Offences for which people were fined included shouting, which had been banned by four councils, and making noise, which was also banned by four councils. There were 22 restrictions on loitering, seven on busking, 11 bans on swearing or foul language, six on feeding the birds and seven restrictions on rough sleeping or sleeping in a vehicle.

The findings have been revealed by the Manifesto Club, which campaigns for freedom in public spaces and civic life. Josie Appleton, the group’s director and author of the report, said there were “thousands of petty restrictions on almost any conceivable activity in public spaces”. She added that powers “need to be scrapped or severely reformed, before more innocent people are punished and our public spaces become the private spaces of officialdom”.

She also raised concern about how these could affect homeless communities. “The use of these powers to target those who are homeless amounts to a criminalisation of poverty. Slapping homeless people with fines for begging is as perverse as it is heartless. It is even more worrying that rough sleepers could soon be fined the vast sum of £500 for begging, sleeping in a public place or looking in bins.

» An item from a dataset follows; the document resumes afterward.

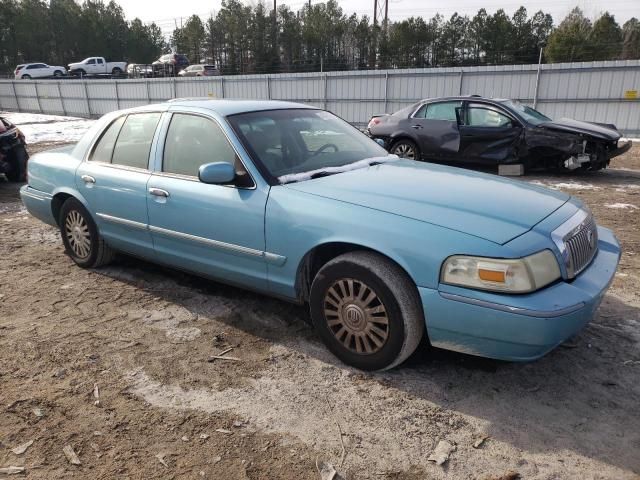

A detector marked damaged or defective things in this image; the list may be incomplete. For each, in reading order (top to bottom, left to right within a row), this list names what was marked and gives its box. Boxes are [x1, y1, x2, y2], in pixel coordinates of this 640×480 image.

The government should be looking to scrap these powers, not extend them and make the problems even worse.”

The Local Government association, however, argued that antisocial behaviour, “such as public drinking, racing in cars, aggressive begging and intimidating behaviour, can ruin people’s quality of life, harm businesses or mean people are scared to visit public places”.

They said PSPOs were subject to “scrutiny” and “will not be suitable or effective in all circumstances, and councils will consider other approaches which may better resolve issues”.

Out of 303 local authorities that responded to a freedom of information request, 266 said that they currently had at least one PSPO in place. Only 10% of councils had never had a PSPO.

Rugby council criminalised the climbing of trees, and made it a crime to pick up stones in certain areas. Wiltshire banned the possession of stones or ball bearings.

A spokesman for Rugby borough council said the council did so “to protect and enhance habitats” at Newbold Quarry Nature Reserve.

It is now an offence to have a nap in a park in Rother and Welwyn Hatfield, after both councils made it a crime to sleep in a public place.

The report found that councils are creating broad-brush laws that ban people from doing anything that potentially annoys any other person. For example, Southend-on-Sea banned people from “using bikes in a way that has a negative effect for others”.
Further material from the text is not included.